What insider transactions did director Craig Jarchow report for Vital Energy on December 15, 2025?
Director Craig Jarchow reported the exercise of 18,814 deferred stock units into Vital common stock and the disposition of 26,276 shares of Vital common stock on December 15, 2025. After these transactions, the Form 4 shows he directly owned zero shares of Vital common stock.
What is the relationship of the reporting person to Vital Energy (VTLE)?

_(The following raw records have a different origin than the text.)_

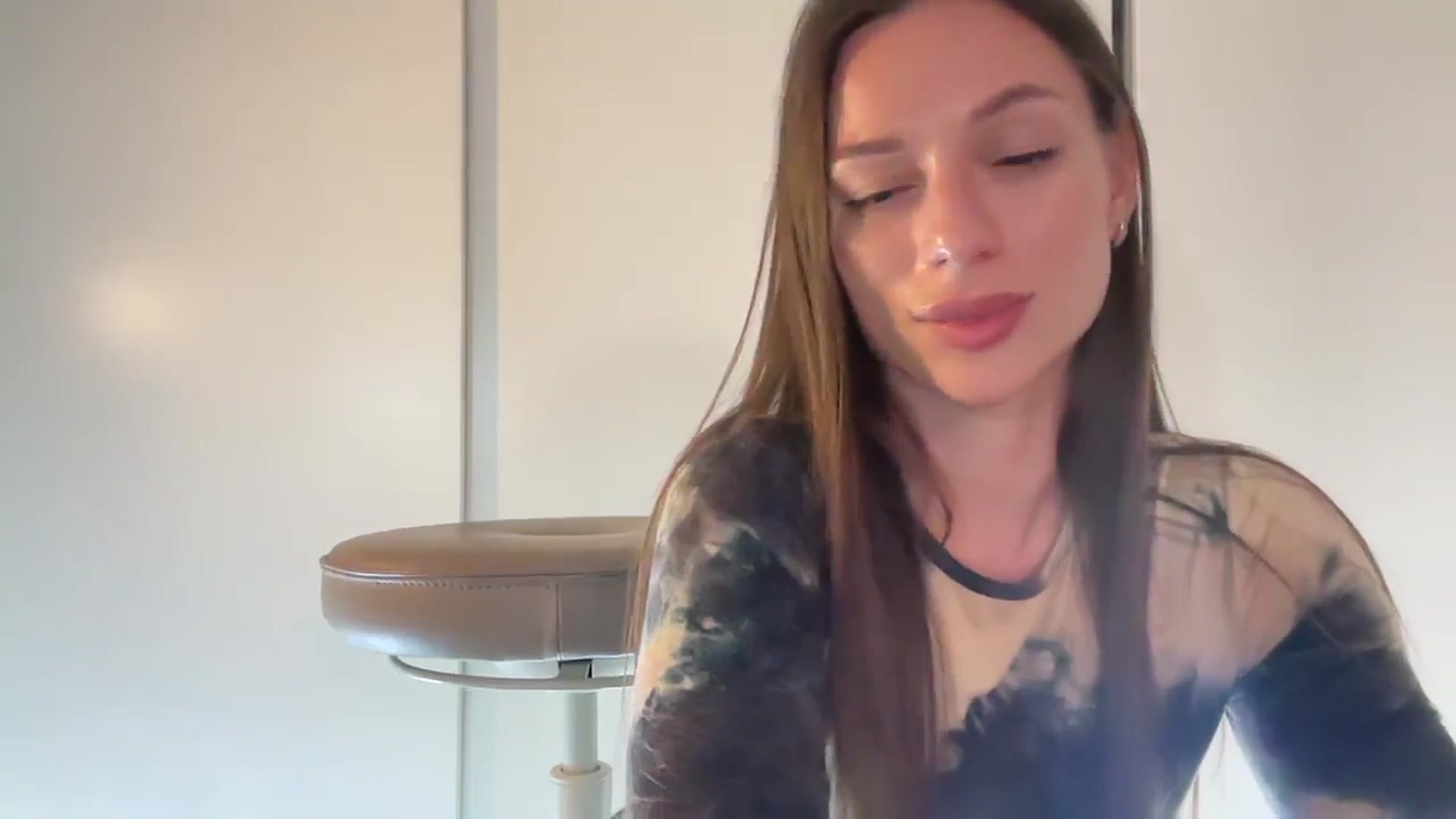Gallery image thumbnail from SweetTits20's myfreecams stream on, 05/19/2024, 23:42 image 18 of 20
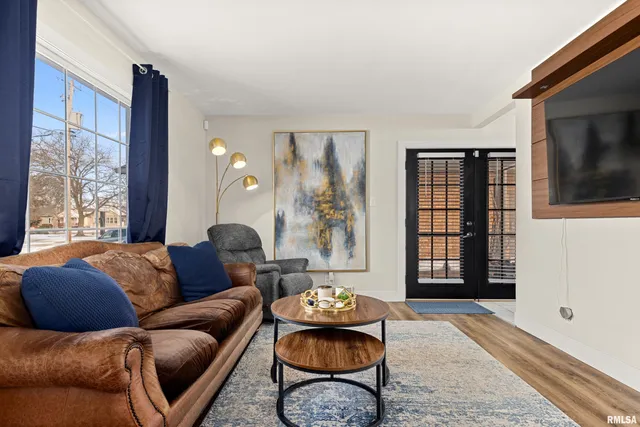 $184,900 | 1226 East Hines Avenue, Peoria Heights, IL 61616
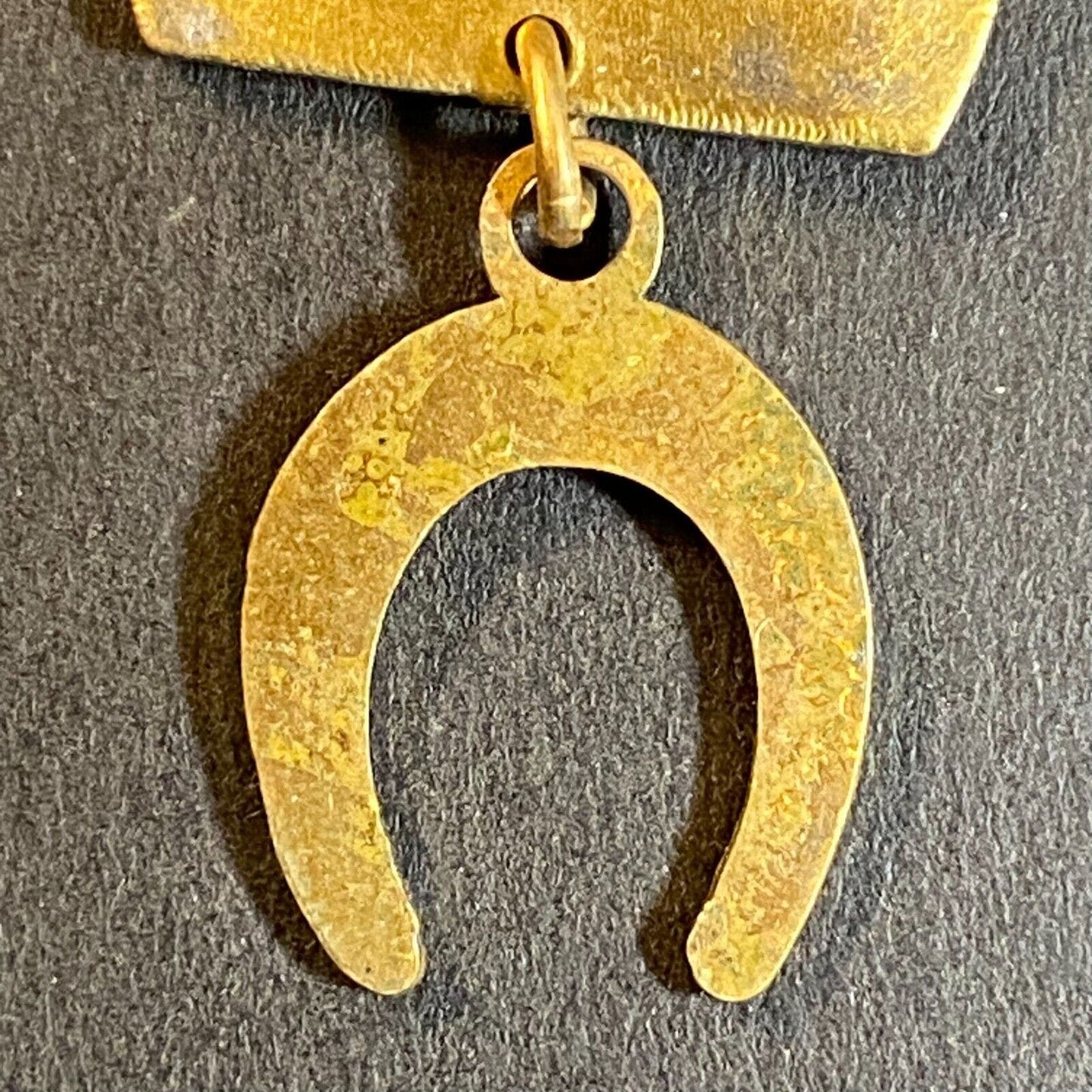 c1930's-40's Football Pinback w/ Dangling "Kentucky" Horseshoe 19mm x 22mm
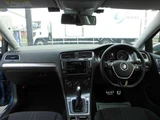 2016 Volkswagen Golf Alltrack TSI 4WD Sedan for sale, Japanese used car export - photo 37 of 59 | GULJI TRADERS
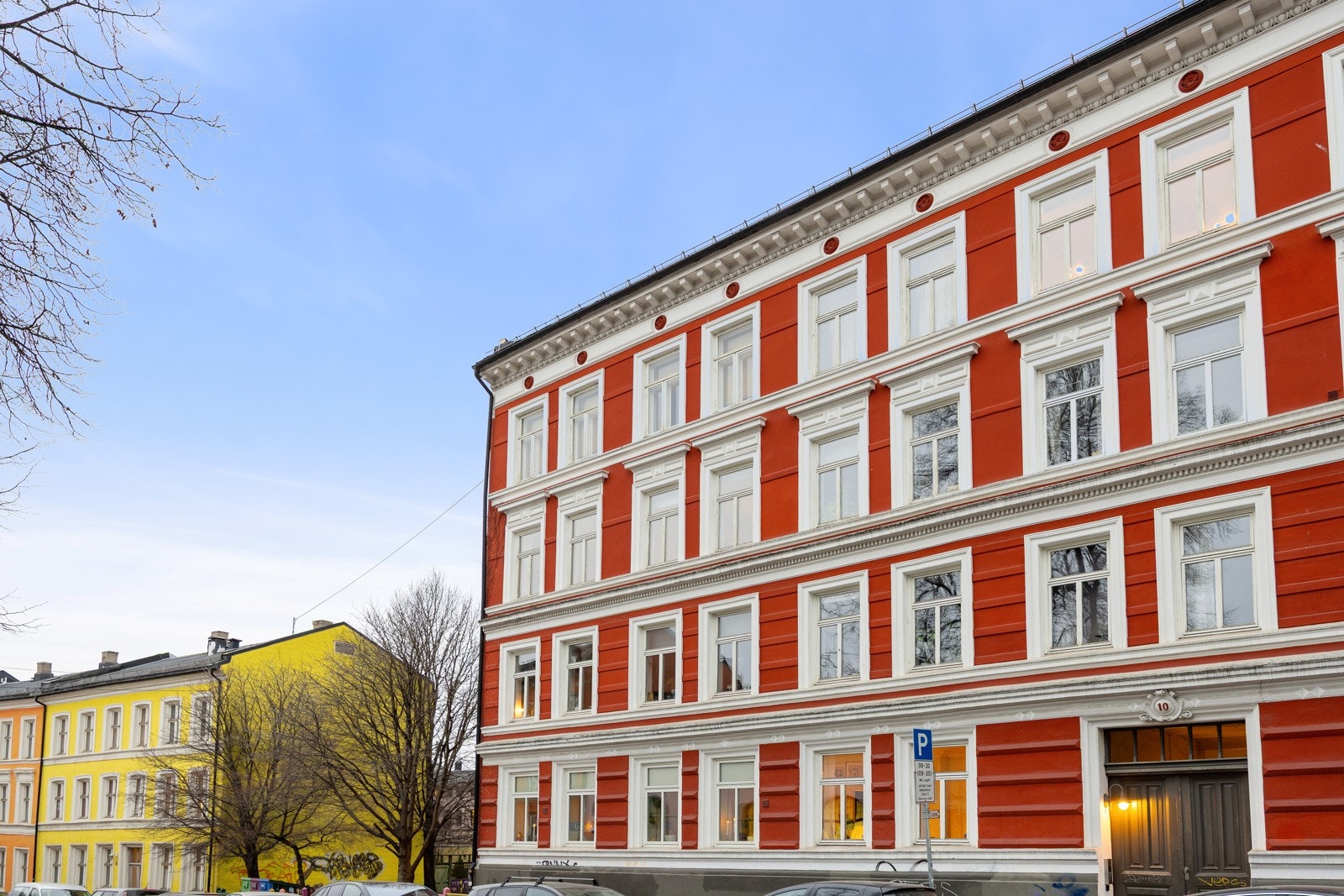 - Fasade mot gate - Galleribilde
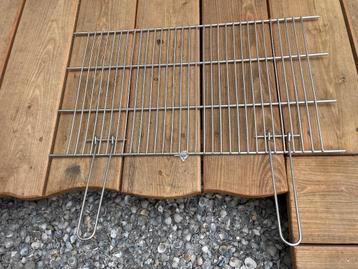 Zeer solide barbecue rooster RVS 70x40cm met handvaten  beschikbaar voor biedingen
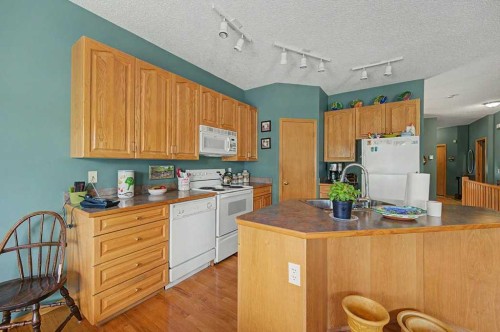 18 Prominence View Sw, Calgary, AB - Indoor Photo Showing Kitchen
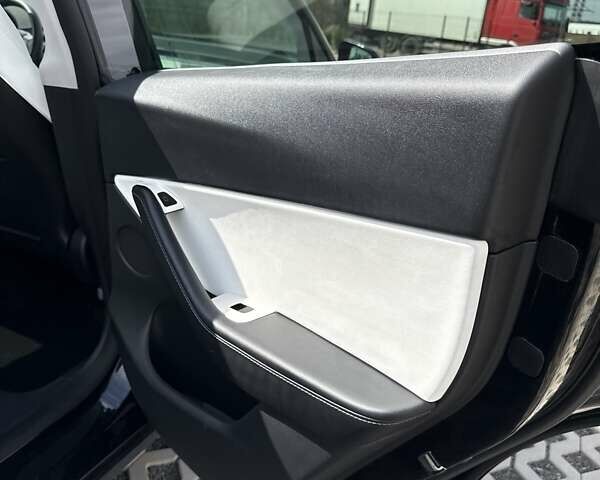 Тесла Model Y 2022 в Луцке на Automoto.ua Черный Тесла Model Y, объемом двигателя 0 л и пробегом 222 тыс. км за 19999 $, фото 50 на Automoto.ua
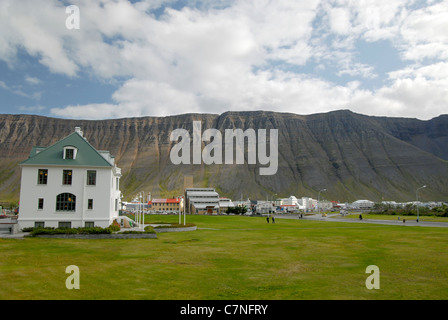 Das Kulturhaus in Isafjörður, Vestfirðir (Westfjorde), Island. Stockfoto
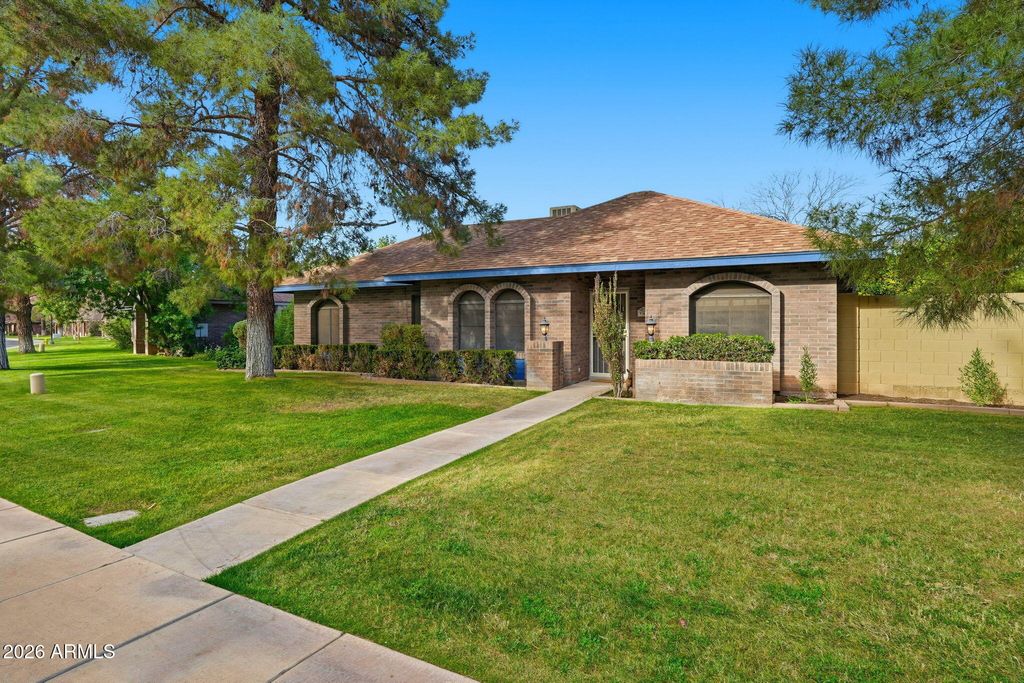 Photo of 962 E Cullumber Street, Gilbert, AZ 85234 (MLS # 6973163)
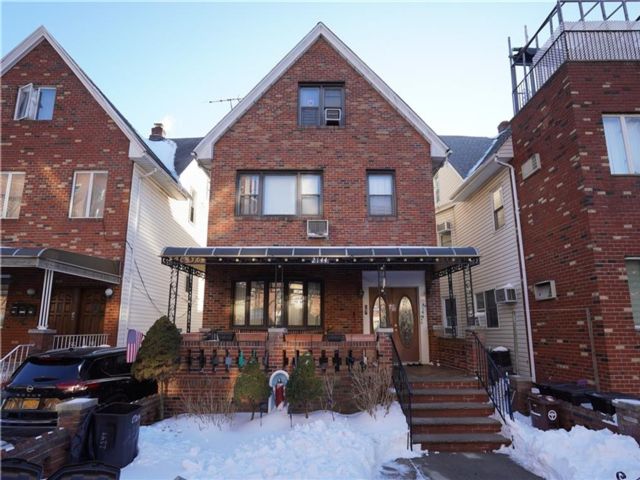  7 BR,  3.00 BTH &nbsp;Multi-family style home in Bensonhurst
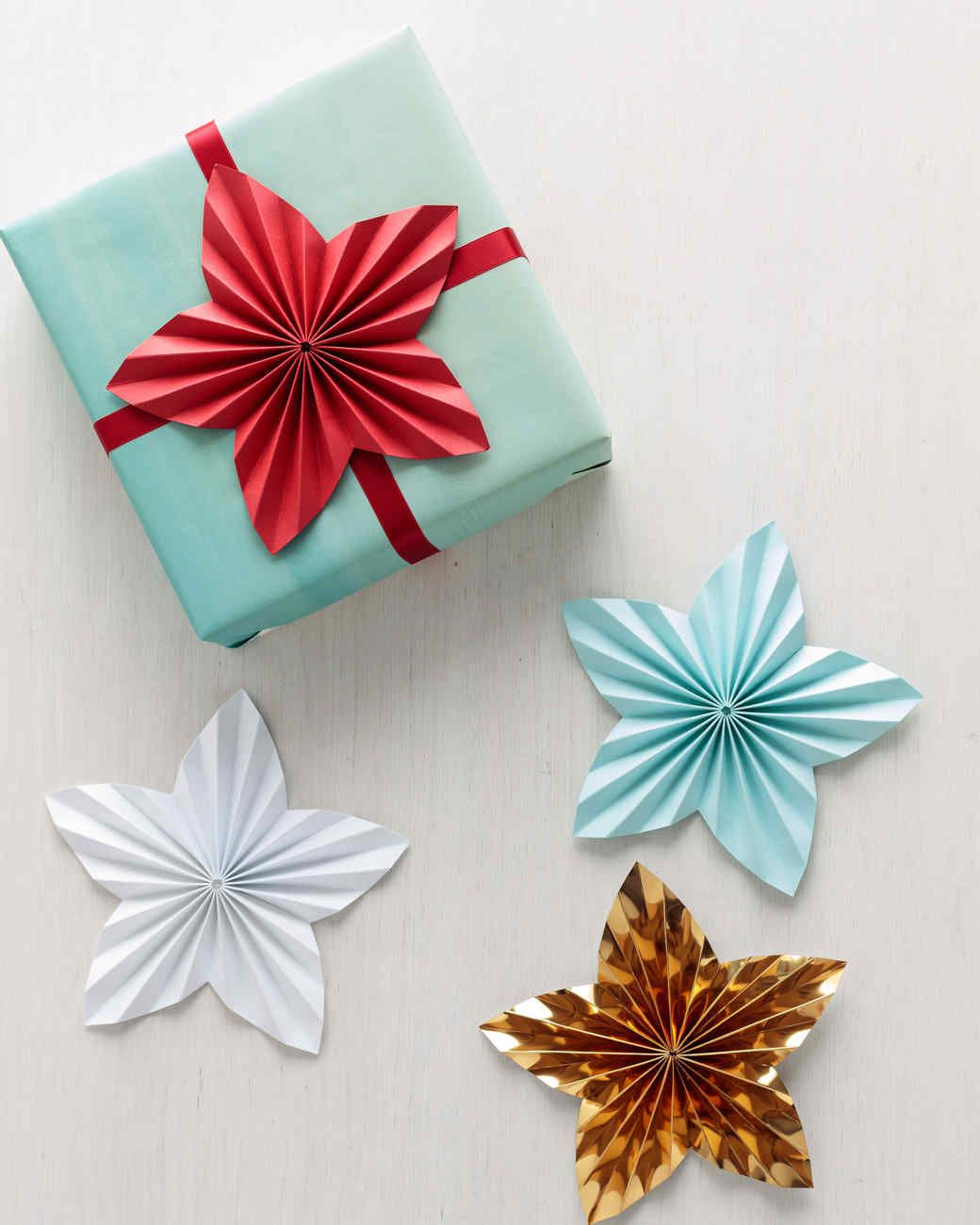 Paper-Star Gift Toppers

The reporting person, identified in the signature block as Craig Jarchow, is a director of Vital Energy, Inc., as indicated by the checked box for Director in the relationship section.
Was this Vital Energy Form 4 filed by one or multiple reporting persons?
The Form 4 indicates that it was filed by one reporting person, as shown by the checked line “Form filed by One Reporting Person” in the filing status section.
On what date did the earliest reported transaction in this Form 4 occur?
The date of earliest transaction reported is December 15, 2025, which also corresponds to the stated closing date of the merger transactions described in the explanation.